-- Data excerpt follows --
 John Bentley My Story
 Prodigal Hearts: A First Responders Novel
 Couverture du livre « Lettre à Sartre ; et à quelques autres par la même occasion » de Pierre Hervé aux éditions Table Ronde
-- Data excerpt concluded --
__Task requirements__:
Transcribe the material above word for word.

__Answer for this exercise__:
 John Bentley My Story
 Prodigal Hearts: A First Responders Novel
 Couverture du livre « Lettre à Sartre ; et à quelques autres par la même occasion » de Pierre Hervé aux éditions Table Ronde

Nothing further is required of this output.